When Debord says that "All that was once directly lived has become mere representation," he is referring to the central importance of the image in contemporary society. The Society of the Spectacle is a critique of contemporary consumer culture and commodity fetishism, dealing with issues such as class alienation, cultural homogenization, and mass media. ĭebord encouraged the use of détournement, "which involves using spectacular images and language to disrupt the flow of the spectacle." In the Situationist view, situations are actively created moments characterized by "a sense of self-consciousness of existence within a particular environment or ambience". Debord analyzes the use of knowledge to assuage reality: the spectacle obfuscates the past, imploding it with the future into an undifferentiated mass, a type of never-ending present in this way the spectacle prevents individuals from realizing that the society of spectacle is only a moment in history, one that can be overturned through revolution. In his analysis of the spectacular society, Debord notes that the quality of life is impoverished, with such a lack of authenticity that human perceptions are affected, and an attendant degradation of knowledge, which in turn hinders critical thought. "The spectacle is not a collection of images," Debord writes, "rather, it is a social relation among people, mediated by images." The spectacle is the inverted image of society in which relations between commodities have supplanted relations between people, in which "passive identification with the spectacle supplants genuine activity". Each thesis contains one paragraph.ĭebord traces the development of a modern society in which authentic social life has been replaced with its representation: "All that once was directly lived has become mere representation." Debord argues that the history of social life can be understood as "the decline of being into having, and having into merely appearing." This condition, according to Debord, is the "historical moment at which the commodity completes its colonization of social life."
THE SPECTACLE SERIES
The work is a series of 221 short theses in the form of aphorisms. Debord published a follow-up book Comments on the Society of the Spectacle in 1988.

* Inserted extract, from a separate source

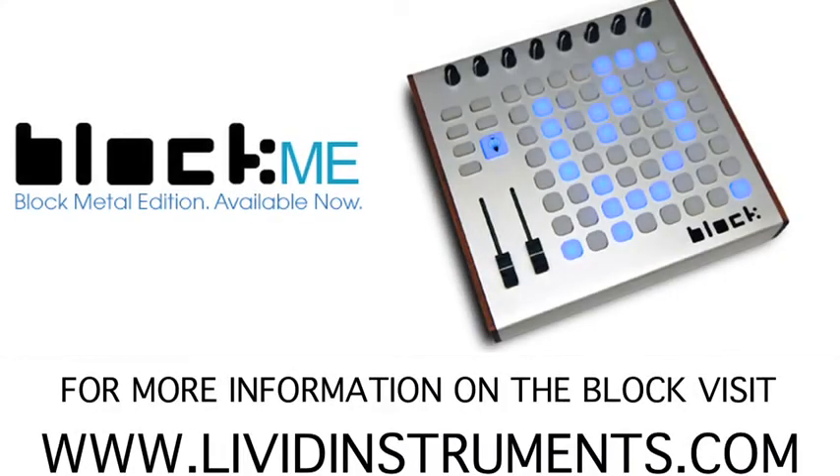As you can see, the MIDI functionality in Serato lends itself nicely to the block. With the amount of faders, buttons, and knobs, you're really able to have nearly every parameter in Serato mapped to your controller so you never have to touch your mouse.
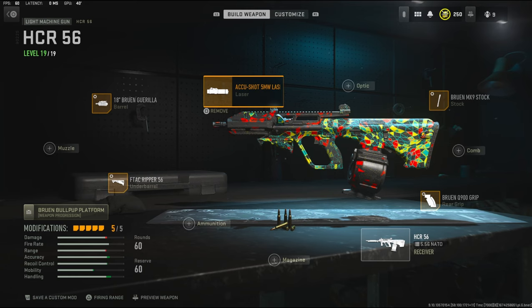I highly recommend trying it, and if you do please let me know what you think down in the comments. Or if you have a better class setup for this gun, let me know down in the comments. I have a crazy gameplay for you guys — I hope you enjoy. Hit that like button and I'll see you guys in the next one.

The book is considered a seminal text for the Situationist movement. Guy Debord’s own (anti)films are given a modern counterpoint by satirical interventions in a visual work that is not afraid to criticise neither itself nor the cult around Debord and situationism.The Society of the Spectacle ( French: La société du spectacle) is a 1967 work of philosophy and Marxist critical theory by Guy Debord, in which the author develops and presents the concept of the Spectacle. In 27 episodes, Farhat unfolds his theses through conversations with situationism expert Mikkel Bolt, Andreas Malm (‘How to Blow Up a Pipeline’), critic Valerie Kyeyune Backström and professor of film Jyoti Mistryothers, among others. What to do? And how do you film a notoriously complicated theory that attacks the very image itself? Artist Roxy Farhat and filmmaker Göran Hugo Olsson (‘Black Power Mixtape 1967-1975’) bring Guy Debord’s ideas into the 21st century. We live in a continuous sensory bombardment of distractions that keep us in the role of passive consumers – a condition that has not exactly improved since the revolutionary 60s. Since 1967, Guy Debord’s critical manifesto ‘The Society of the Spectacle’ has been an essentiel theoretical basis for any attempt to analyse the capitalist society of images that permeates every aspect of life in the Western world. Satirical and self-critical film adaptation of Guy Debord’s theoretical masterpiece, and a frontal attack on the all-encompassing spectacle we live in. Roxy Farhat, Göran Hugo Olsson / Sweden / 2023 / 94 min / World Premiere You don’t hate Mondays, you hate capitalism.